For most of your career, professional opportunity has travelled through relationships. Someone you have worked with refers you. A colleague mentions your name. A board member who knows your track record puts you forward.

That system still works. But it is no longer the only system.

Running alongside it is a second system that operates on completely different rules. It does not know who you know. It cannot see your track record unless your track record is written down somewhere it can read. It does not know you are the most senior person in your field unless your digital footprint says so clearly, specifically, and in language that both humans and AI can interpret.

That second system is LinkedIn’s algorithm and the AI tools now used by board chairs, executive search firms, conference organisers, media researchers, and potential clients as their first filter. And for most senior leaders, it has never heard of them.

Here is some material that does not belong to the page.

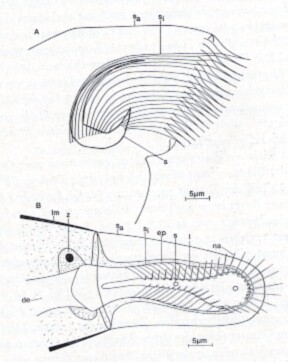 Proschizorhynchus triductibus Proschizorhynchus triductibus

The invisible expert problem

The most experienced people in a room are often the least visible outside of it.

Leaders with thirty years of expertise. People who have built teams, turned organisations around, won industry recognition, written books, led businesses through genuine complexity. People their peers respect enormously.

And yet – if you searched for them online, you would find almost nothing. A LinkedIn profile that reads like a CV from 2015. No body of work that reflects the depth of what they actually know. No signal that AI can find, read, and confidently use to recommend them.

“The shift has already happened. The gap is invisible to the people who lost those opportunities, because they did not know the second system existed – let alone that it was already making decisions about them.”

Invisibility does not feel like a problem when the phone has always rung. When your network knows your name. When you have never needed to be found by anyone who did not already know you were there.

But the buyers, board chairs, conference organisers, and search firms who represent your next significant opportunity are increasingly using AI as their first filter. And AI cannot recommend what it cannot find.

What this is not about

The Link•Ability Blueprint for Senior Leaders is not about personal branding, posting every day, building a following, or becoming someone you are not.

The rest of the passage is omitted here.